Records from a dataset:
*** Begin section ***

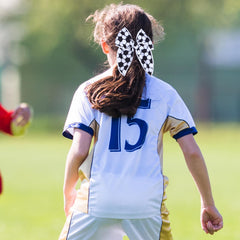Miroksh bow worn in a ponytail highlighting visibility and comfortable wear during play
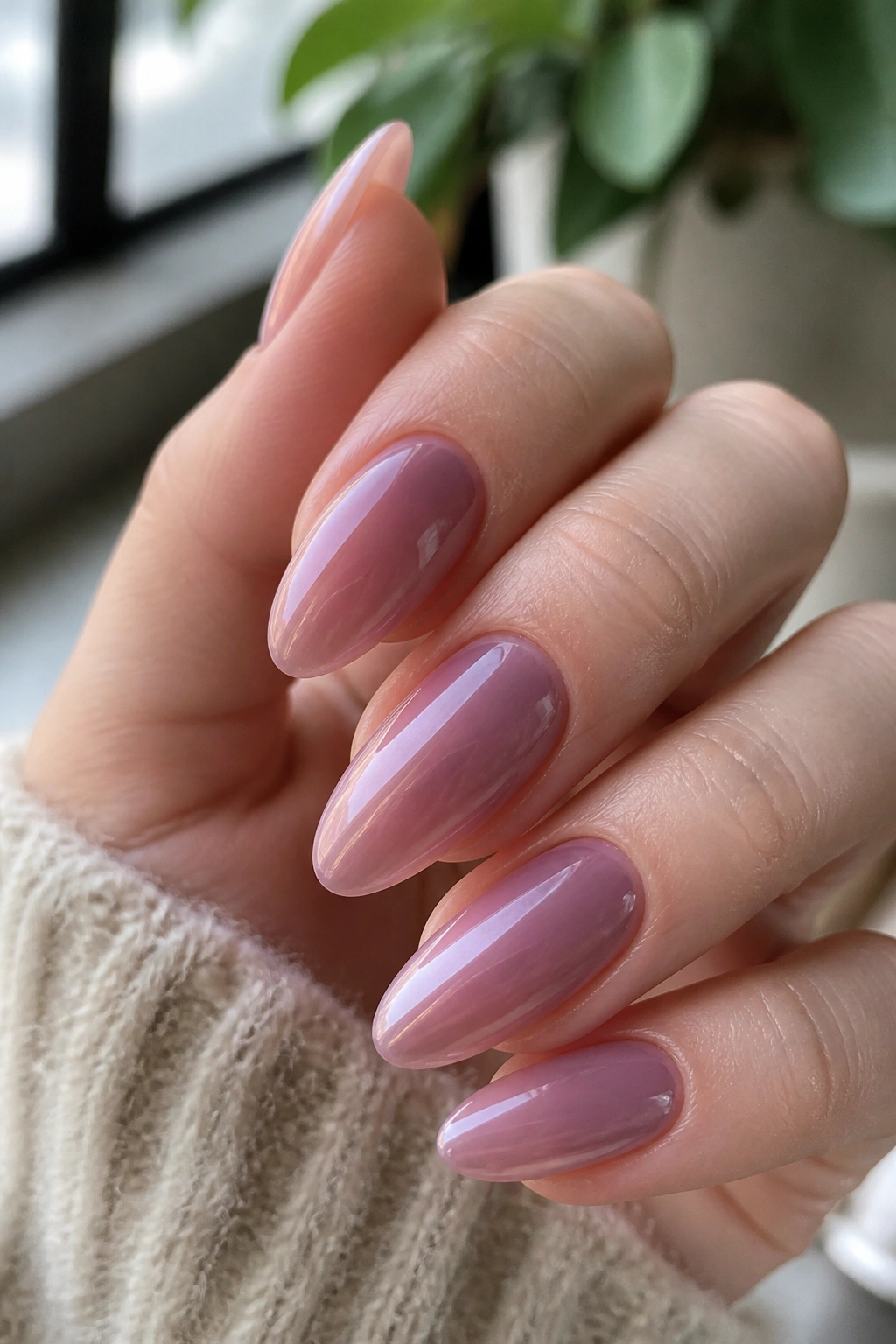 Close-up of mauve jelly almond nails with pearl glow on a real hand.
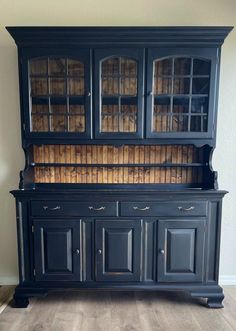 an old black china cabinet with glass doors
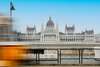 Budapest Sehenswürdgkeiten: Blick auf das Parlament in Budapest von der gegenüberliegenden Flussseite, davor sieht man unscharf eine Straßenbahn vorbei fahren. 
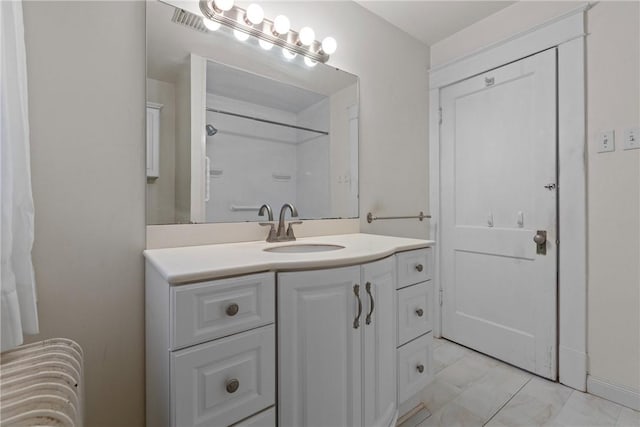 full bath with visible vents and vanity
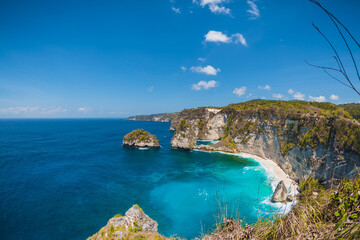 Diamond beach with blue ocean, sky and cliff in Nusa Penida island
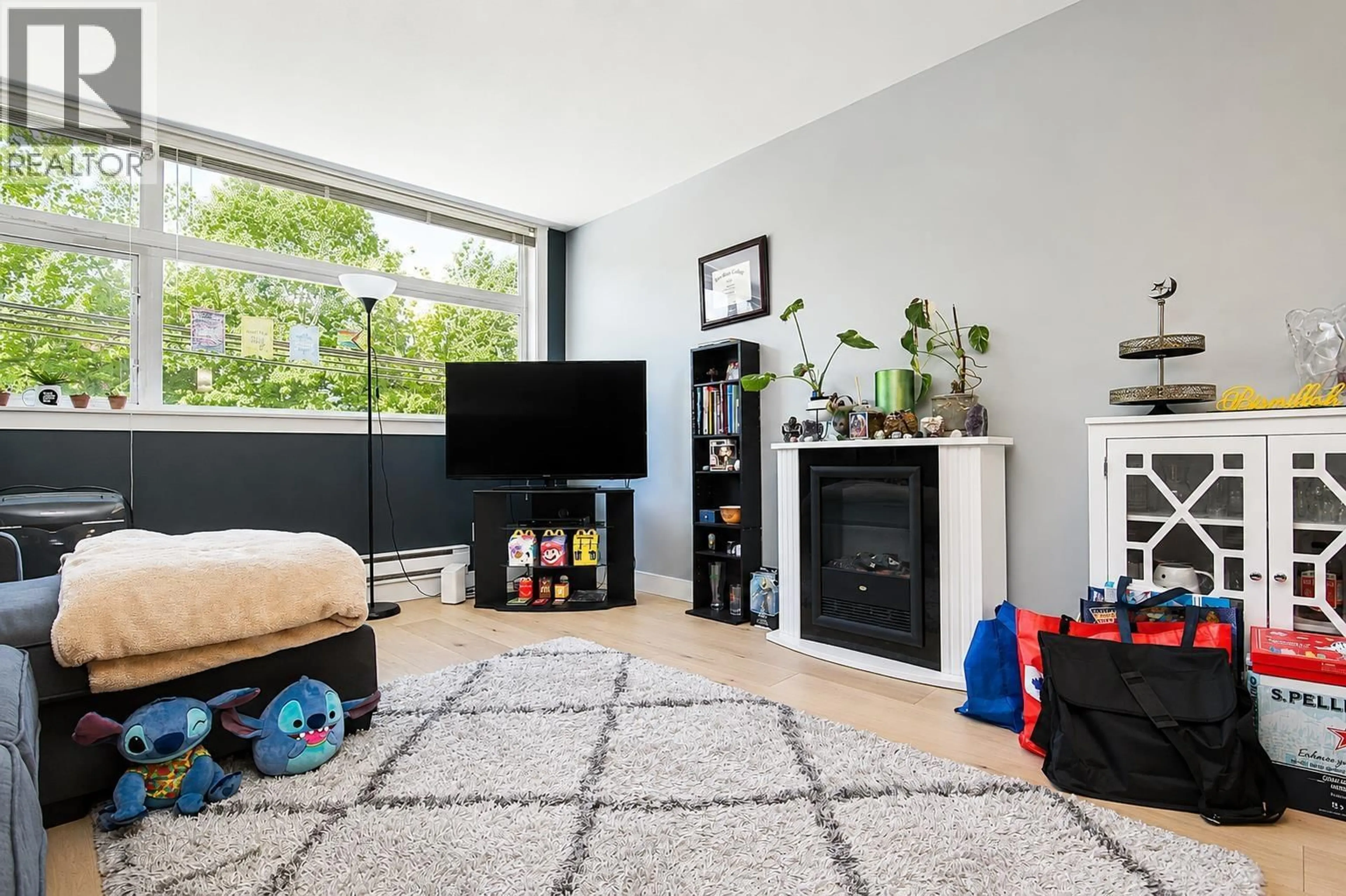 Living room with furniture, unknown for 205 - 5488 CECIL STREET, Vancouver British Columbia V5R4E5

*** End section ***

Try it >> All of the records above should be reproduced exactly, with the pictures left out.

Exercise solution >>
Miroksh bow worn in a ponytail highlighting visibility and comfortable wear during play
 Close-up of mauve jelly almond nails with pearl glow on a real hand.
 an old black china cabinet with glass doors
 Budapest Sehenswürdgkeiten: Blick auf das Parlament in Budapest von der gegenüberliegenden Flussseite, davor sieht man unscharf eine Straßenbahn vorbei fahren. 
 full bath with visible vents and vanity
 Diamond beach with blue ocean, sky and cliff in Nusa Penida island
 Living room with furniture, unknown for 205 - 5488 CECIL STREET, Vancouver British Columbia V5R4E5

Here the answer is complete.